Noureen DeWulf (née Ahmed) is an American actress and comedian. She is best known for her film roles in West Bank Story (2005), Ghosts of Girlfriends Past (2009), and The Back-up Plan (2010). She also starred as Lacey on the sitcom Anger Management (2012–2014).

Early life and education
DeWulf was born Noureen Ahmed in New York City to Gujarati Indian parents from Pune, Maharashtra, India  and grew up in Stone Mountain, Georgia. She was raised Nizari Ismaili Muslim. She has two sisters. Her older sister, Aziza, teaches law at Northeastern University in Boston. Her younger sister, Sara, practices law in San Francisco.

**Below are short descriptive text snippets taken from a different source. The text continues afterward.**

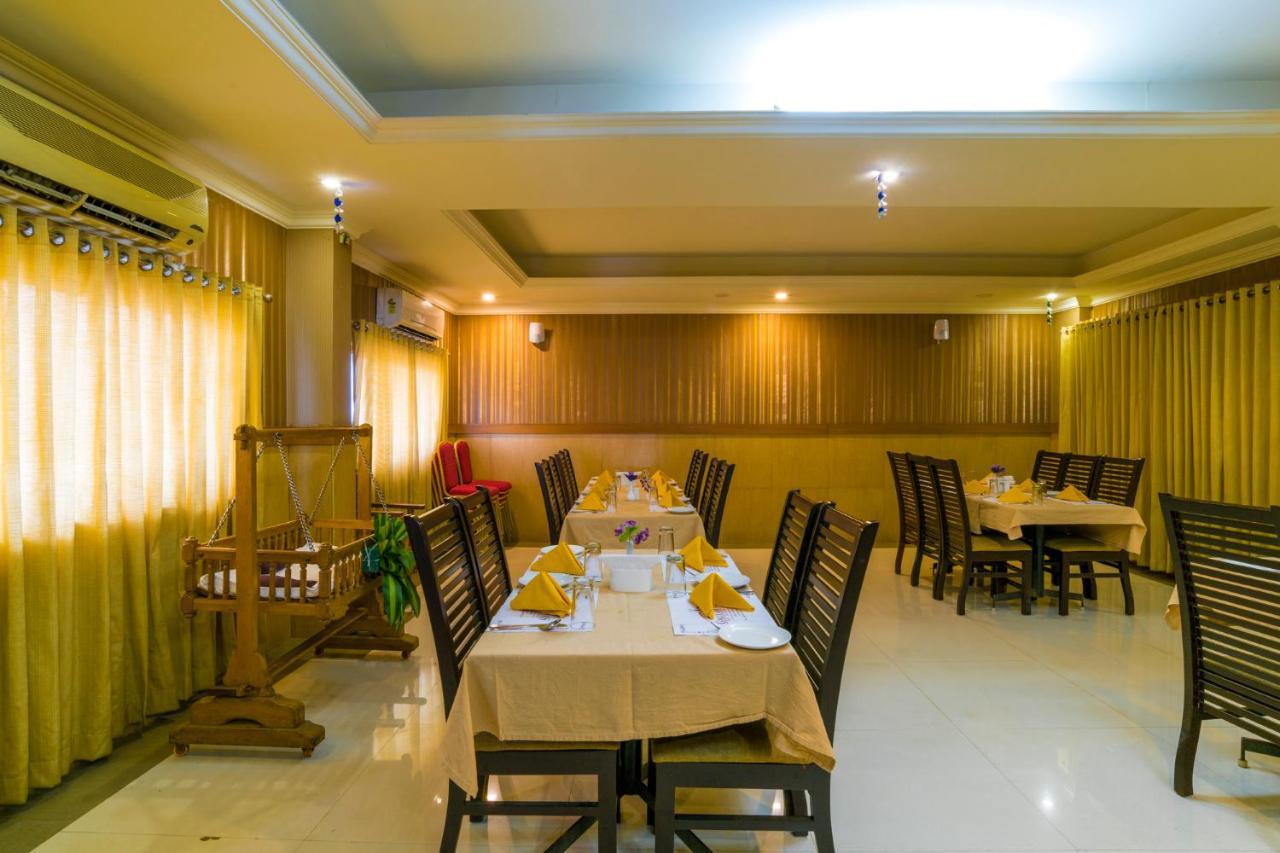 Sree Gokulam Residency Hotel Thrissur Buitenkant foto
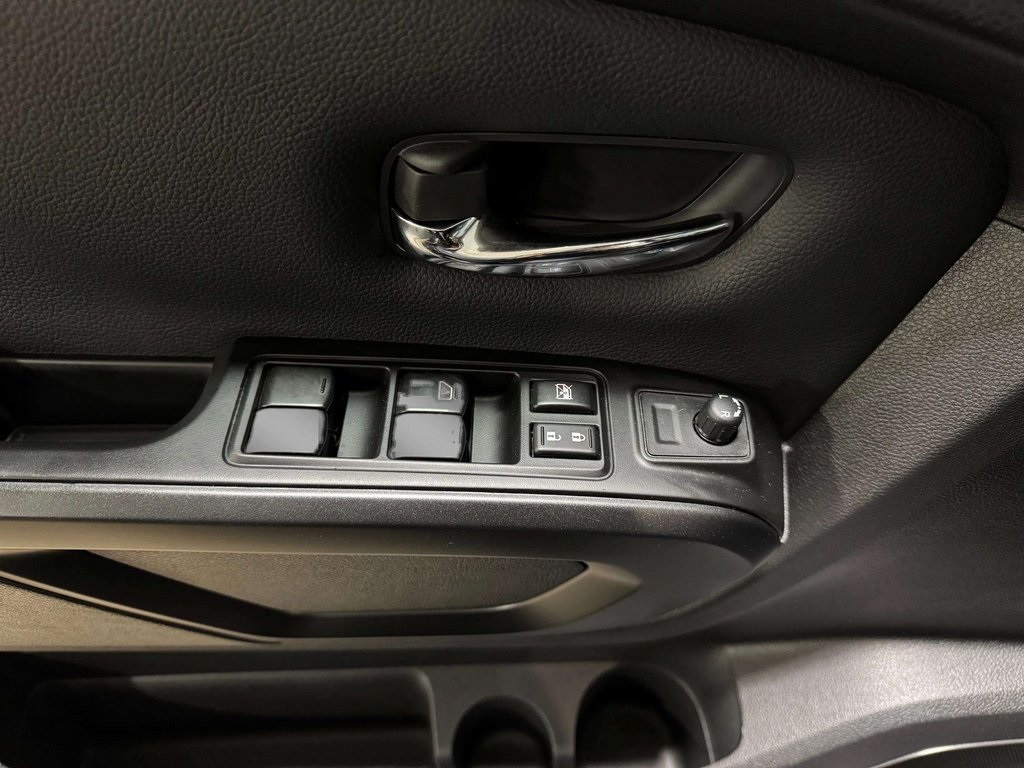2024 Nissan Titan Crew Cab photo 21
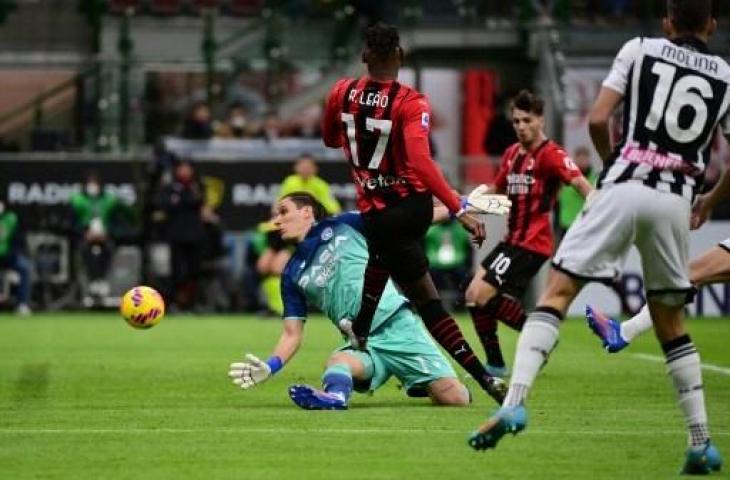 Striker AC Milan, Rafael Leao, saat menjebol gawang Udinese. (AFP/Meguel Medina)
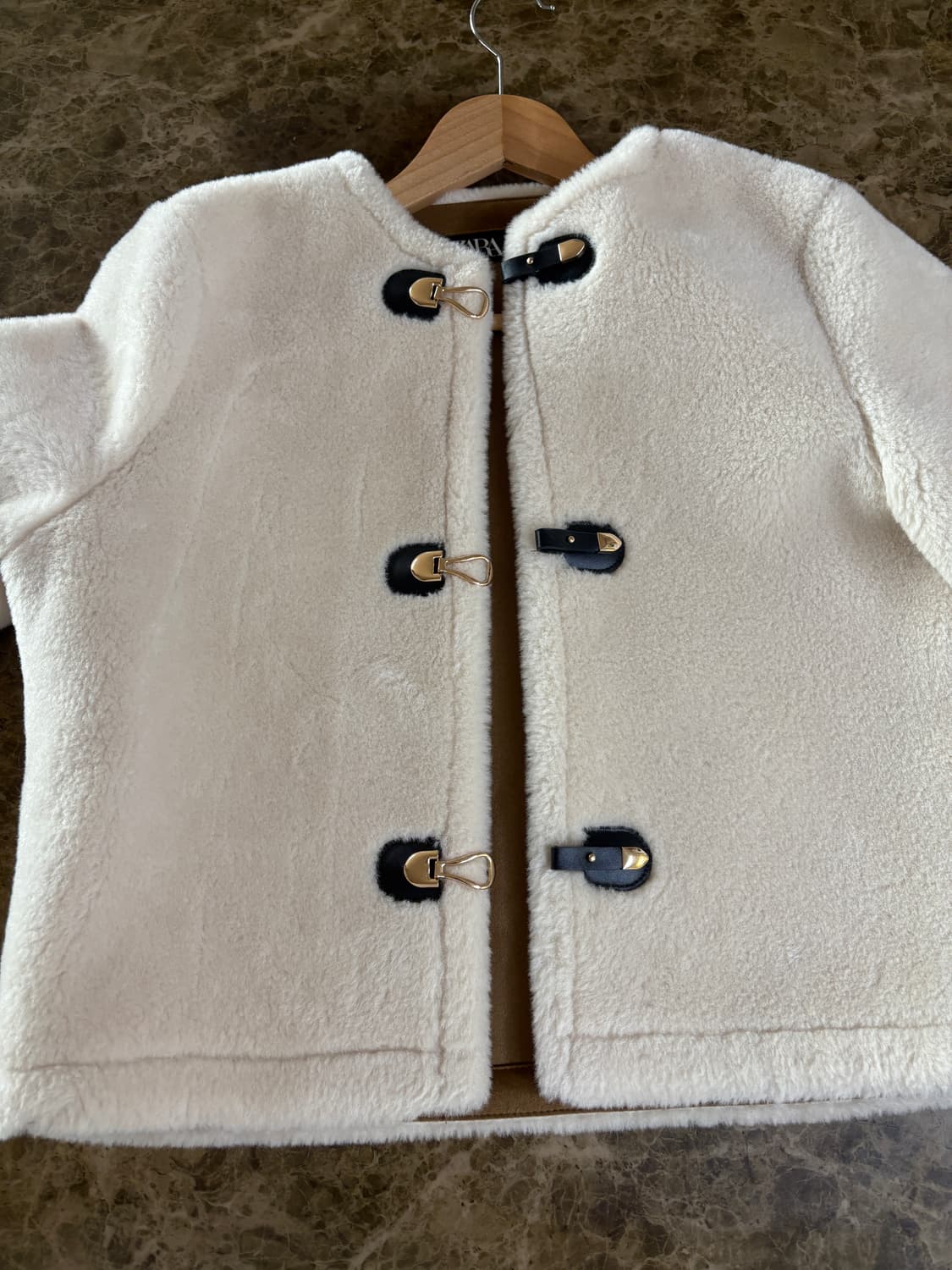 자라 퍼 자켓 상품이미지1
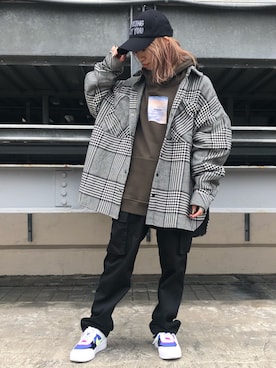 「AZS TOKYO（アザストーキョー）のアイテム」を使った、Arisa Suzukiさん（レディース・156cm）の秋コーディネート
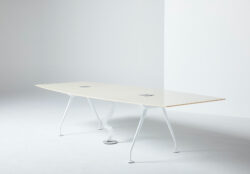 White Maple Flight Table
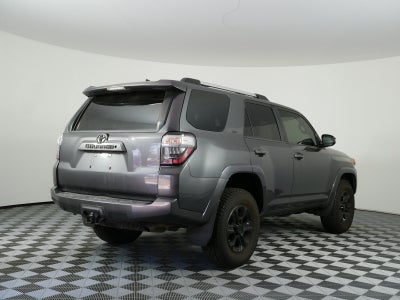 2020 Toyota 4Runner SR5 4WD *CLEAN CARFAX*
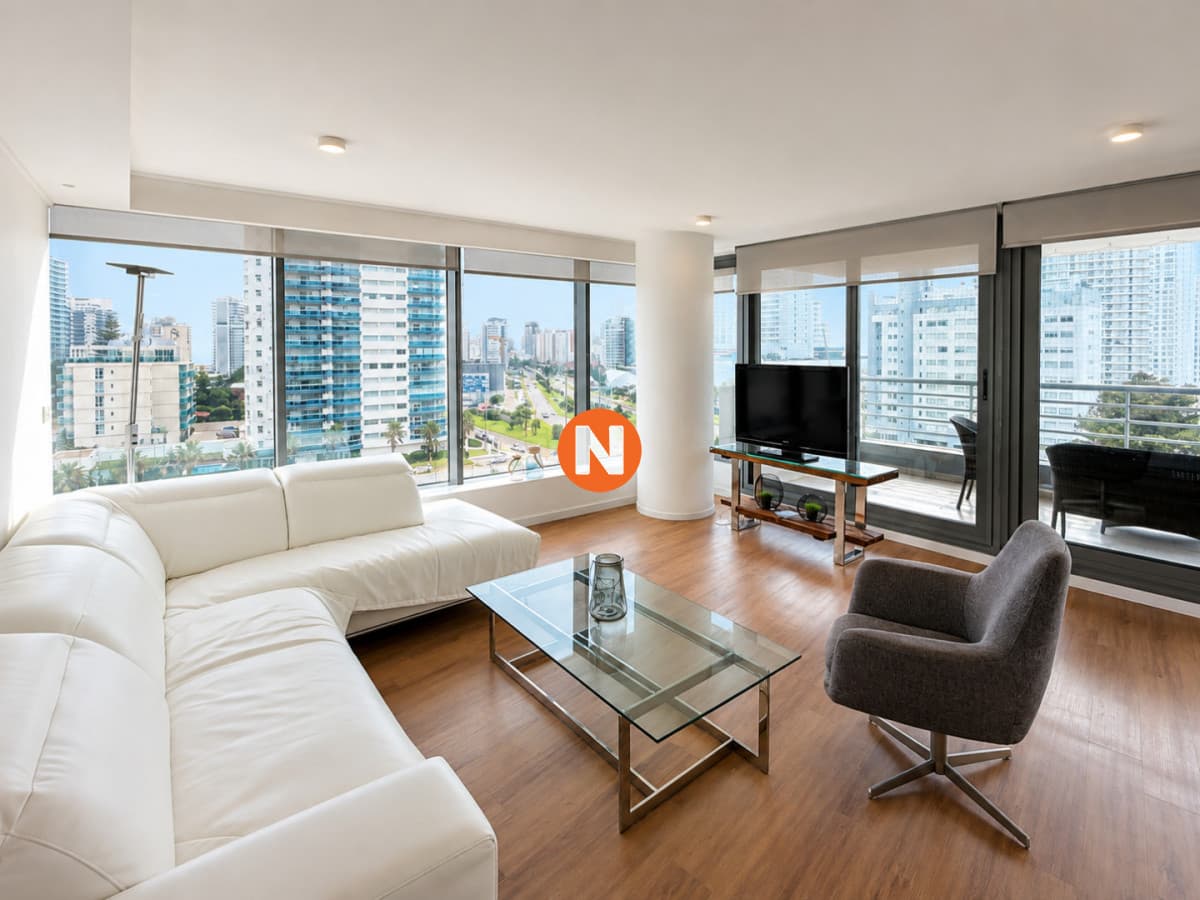 Apartamento en Venta 3 Dormitorios Alexander Boulevard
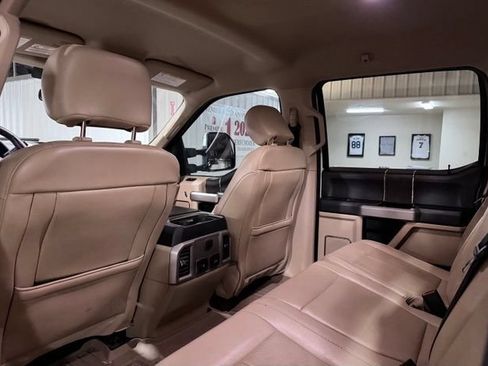 Used 2020 Ford F250 Lariat w/ Lariat Value Package AWD/4WD image 11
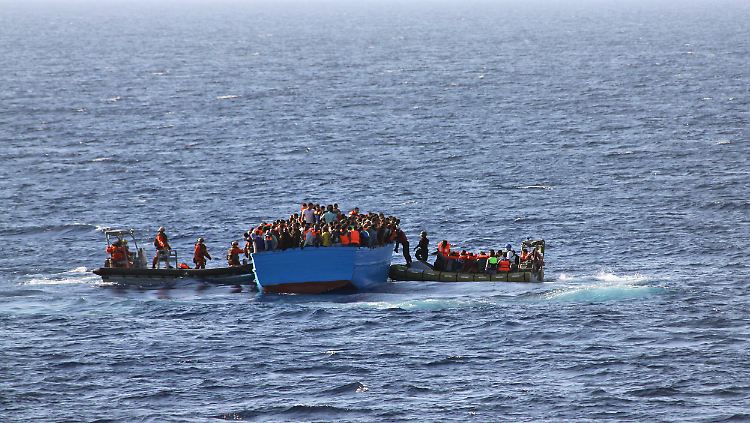 Erst kürzlich rettete die Bundeswehr über 240 Menschen aus dem Mittelmeer. Hunderttausende stehen in den Startlöchern, die Fahrt zu wagen.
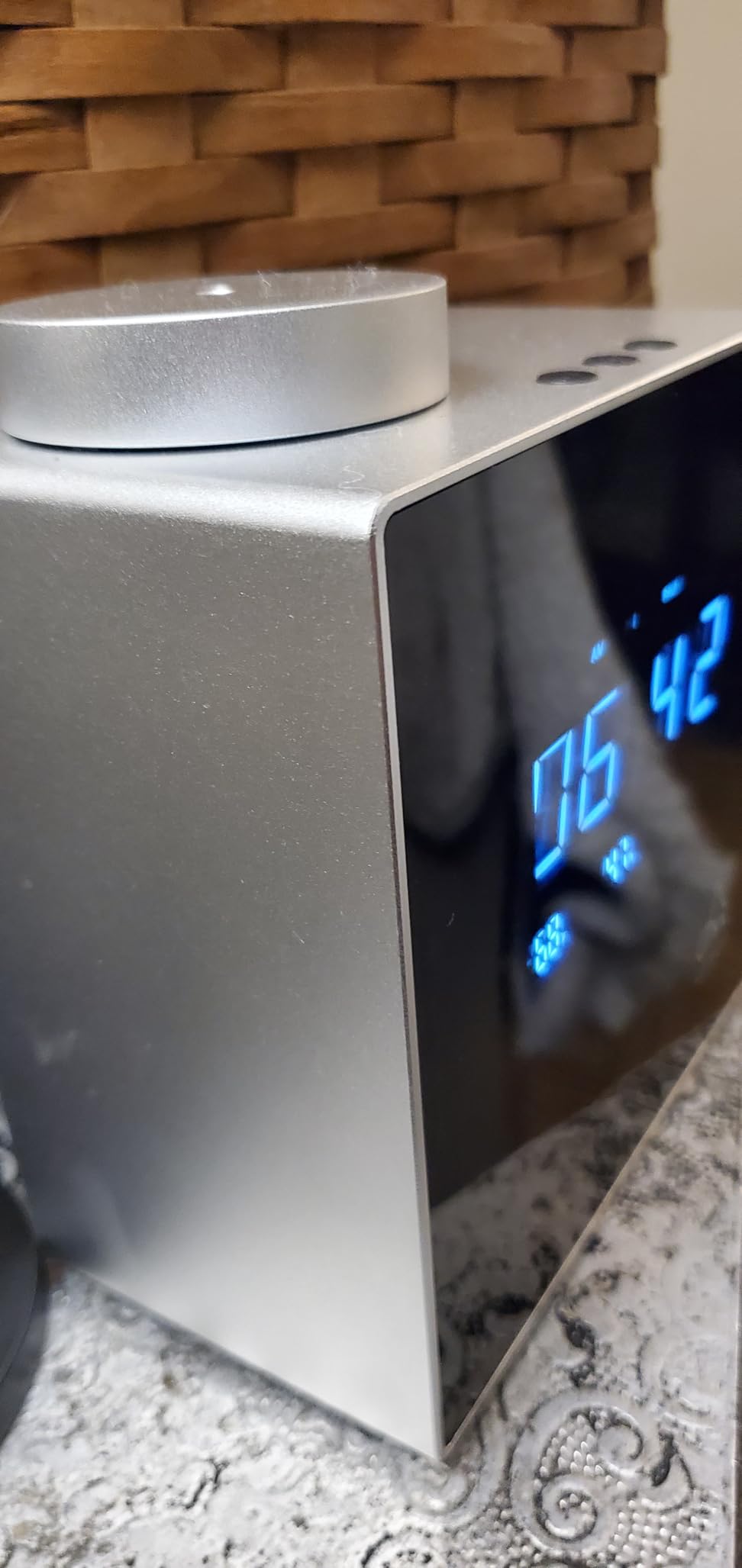 2026 Smart Waterless Diffuser, 2000 Sq.Ft Cold Air Scent Diffuser with Clock & Environmental Display | 7 Fragrance Levels, 9 Timer Settings customer photo 1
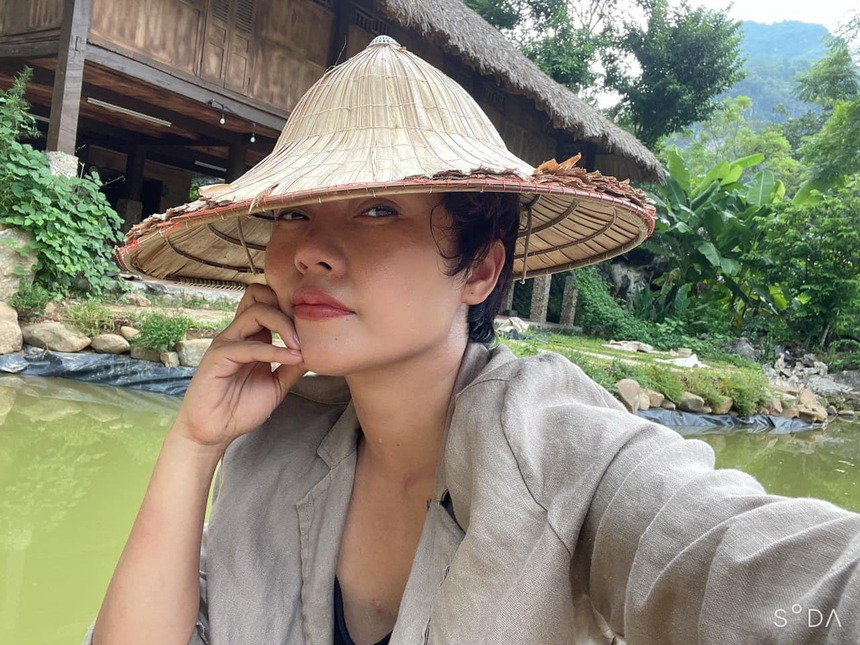 Ca sĩ Thái Thùy Linh: 'Thư thái khi làm nông dân tập sự' - Ảnh 5. Ca sĩ Thái Thùy Linh: 'Thư thái khi làm nông dân tập sự' - Ảnh 5.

DeWulf attended Boston University's School for the Arts and studied international relations and theatre. After graduation, she relocated to Los Angeles to pursue a career in acting. She is fluent in Hindi, Urdu, and Gujarati.

Career

DeWulf began her acting career in the Academy Award-winning short film West Bank Story, where she played the lead role of Fatima, a singing and dancing Palestinian cashier who falls in love with an Israeli soldier. She has been working in comedic television series and films ever since. From 2009-11, she played recurring roles on NBC's Outsourced, TNT's Hawthorne and MTV's The Hard Times of RJ Berger, and appeared in the Lifetime miniseries Maneater.
 
DeWulf has been seen in a number of box-office hits, including Ocean's Thirteen (2007), and The Back-up Plan (2010). She starred opposite Matthew McConaughey in the romantic comedy film Ghosts of Girlfriends Past (2009), and played opposite Jeremy Piven in The Goods: Live Hard, Sell Hard (2009). She starred in The Taqwacores (2010), which premiered at Sundance Film Festival in 2010. She co-starred with Charlie Sheen in the television sitcom Anger Management, which aired from 2012 to 2014 on FX.
In 2014, DeWulf won Best Actress at the Comedy Ninja Film and Screenplay Festival for her portrayal of a murderous temp in the independent film Coffee, Kill Boss.

In 2014, DeWulf was ranked #93 in Maxim magazine's "Hot 100" for the second time (the first time being 2007), as one of the most desirable women on the planet according to the magazine's readers. In 2009, she was listed in the 'Top 30 under 30' for Nylon magazine.  In addition, DeWulf has appeared in pictorials in Details, Men's Health, Zink, Giant, and Complex.

In March 2015, DeWulf joined the cast of reality show Hockey Wives, chronicling her life with husband Ryan Miller, a goaltender in the NHL. The series follows wives and girlfriends of professional hockey players.

Personal life
She was previously married to artist James DeWulf.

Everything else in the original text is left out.